Exercise details: This exercise calls for every line of the data below with the string "Cream" in it.

= = = =

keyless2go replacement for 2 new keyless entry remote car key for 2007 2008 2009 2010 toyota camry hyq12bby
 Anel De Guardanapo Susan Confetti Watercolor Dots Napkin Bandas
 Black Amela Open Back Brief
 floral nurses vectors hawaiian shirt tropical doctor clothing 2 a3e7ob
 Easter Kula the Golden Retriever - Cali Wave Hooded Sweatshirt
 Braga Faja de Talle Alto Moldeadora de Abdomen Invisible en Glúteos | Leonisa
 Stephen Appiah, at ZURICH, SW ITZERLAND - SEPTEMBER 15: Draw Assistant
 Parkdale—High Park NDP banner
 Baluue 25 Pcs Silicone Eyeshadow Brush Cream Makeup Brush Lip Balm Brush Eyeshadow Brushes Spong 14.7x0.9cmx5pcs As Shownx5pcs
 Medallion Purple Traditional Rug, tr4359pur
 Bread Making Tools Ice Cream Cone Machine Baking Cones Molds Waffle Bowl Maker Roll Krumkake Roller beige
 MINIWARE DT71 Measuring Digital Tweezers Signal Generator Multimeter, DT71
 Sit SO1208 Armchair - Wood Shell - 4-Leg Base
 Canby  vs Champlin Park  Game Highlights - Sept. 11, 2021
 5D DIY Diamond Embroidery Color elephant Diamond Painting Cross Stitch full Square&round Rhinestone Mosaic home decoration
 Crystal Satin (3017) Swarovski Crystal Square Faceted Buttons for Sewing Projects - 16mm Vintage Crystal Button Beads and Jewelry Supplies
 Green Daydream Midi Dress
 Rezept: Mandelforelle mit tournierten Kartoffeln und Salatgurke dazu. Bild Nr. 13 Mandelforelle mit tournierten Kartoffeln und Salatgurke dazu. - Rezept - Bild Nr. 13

= = = =

Task output:
 Baluue 25 Pcs Silicone Eyeshadow Brush Cream Makeup Brush Lip Balm Brush Eyeshadow Brushes Spong 14.7x0.9cmx5pcs As Shownx5pcs
 Bread Making Tools Ice Cream Cone Machine Baking Cones Molds Waffle Bowl Maker Roll Krumkake Roller beige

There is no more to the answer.